---- Extracted information
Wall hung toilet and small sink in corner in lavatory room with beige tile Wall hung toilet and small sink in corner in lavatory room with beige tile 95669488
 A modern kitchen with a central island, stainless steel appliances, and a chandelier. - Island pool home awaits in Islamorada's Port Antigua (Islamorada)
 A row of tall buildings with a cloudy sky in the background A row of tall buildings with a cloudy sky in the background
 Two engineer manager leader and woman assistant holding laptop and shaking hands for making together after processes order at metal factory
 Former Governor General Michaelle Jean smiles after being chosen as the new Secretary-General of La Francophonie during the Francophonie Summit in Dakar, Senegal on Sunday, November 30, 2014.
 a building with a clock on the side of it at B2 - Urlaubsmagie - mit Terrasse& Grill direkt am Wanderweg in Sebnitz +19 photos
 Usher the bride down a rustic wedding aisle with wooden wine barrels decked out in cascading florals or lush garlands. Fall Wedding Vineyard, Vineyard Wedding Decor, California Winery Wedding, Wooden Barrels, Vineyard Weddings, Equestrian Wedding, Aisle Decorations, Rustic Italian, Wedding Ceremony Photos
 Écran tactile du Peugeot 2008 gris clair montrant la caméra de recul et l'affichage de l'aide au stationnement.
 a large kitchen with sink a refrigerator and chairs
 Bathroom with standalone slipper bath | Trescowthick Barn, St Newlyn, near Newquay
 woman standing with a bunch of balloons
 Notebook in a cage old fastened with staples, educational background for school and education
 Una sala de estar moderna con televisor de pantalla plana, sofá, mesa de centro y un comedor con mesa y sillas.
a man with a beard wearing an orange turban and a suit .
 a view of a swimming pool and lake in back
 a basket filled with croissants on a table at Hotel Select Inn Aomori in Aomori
--------
Print, unaltered, every line from the beginning of the material down to the line with "the background A".

Result below
Wall hung toilet and small sink in corner in lavatory room with beige tile Wall hung toilet and small sink in corner in lavatory room with beige tile 95669488
 A modern kitchen with a central island, stainless steel appliances, and a chandelier. - Island pool home awaits in Islamorada's Port Antigua (Islamorada)
 A row of tall buildings with a cloudy sky in the background A row of tall buildings with a cloudy sky in the background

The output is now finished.